For anyone would missed it, also see this great link on HN recently: https://news.ycombinator.com/item?id=16233644 - DNA seen through the eyes of a coder (2017)

zitterbewegung 6 years ago

Can I give you my genome? Or will I be able to reproduce your methods from this site?

sinab 6 years ago

I think there is an important distinction between sequencing a genome and then using ML methods to extract meaning from it.

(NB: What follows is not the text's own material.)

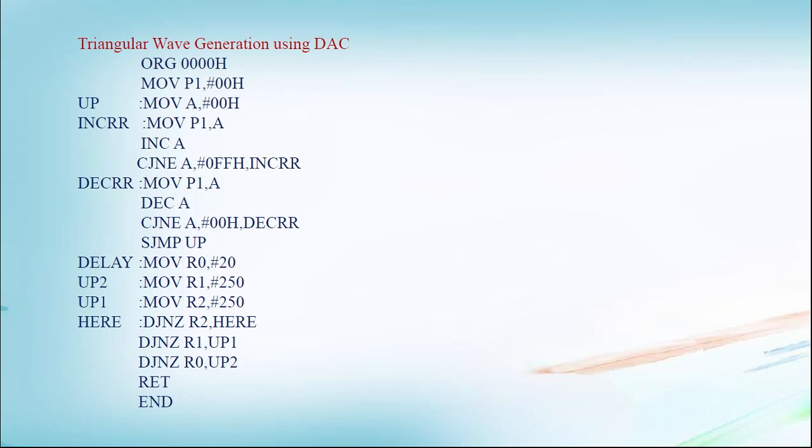In next instruction, MOV P1, A, and decrement A. Now here we are not given delay. After FFH, directly we are decrementing. So decrement A, CJNE A, #00H, DECRR.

Sequencing (has traditionally) been hard but is now more of a tractable problem [1, 2].
To answer your question, if you have your genome and a dataset of known genomes marked with functions according to regions, then you could probably perform an interesting analysis..
[1] https://nanoporetech.com/ [2] https://www.illumina.com/
maxander 6 years ago

This is a course on a fairly novel field of research, not a method to do anything remotely consumer-facing.
- nextos 6 years ago
  
  I disagree! It's a fantastic domain for startups! Nanopore is readily available. I have sequenced stuff in my kitchen, and I'm a computer scientist.
  
  maxander 6 years ago
  
  DNA sequencing is mature and, if anything, almost getting to be late in the game for new startup entries. Determining gene function through ML methods is a whole different thing, and that's what I, and the OP, was talking about. Are we all responding to the same article here?
  
  alsocasey 6 years ago
  
  I haven't looked into their new minion much yet, but how cheap are really talking about?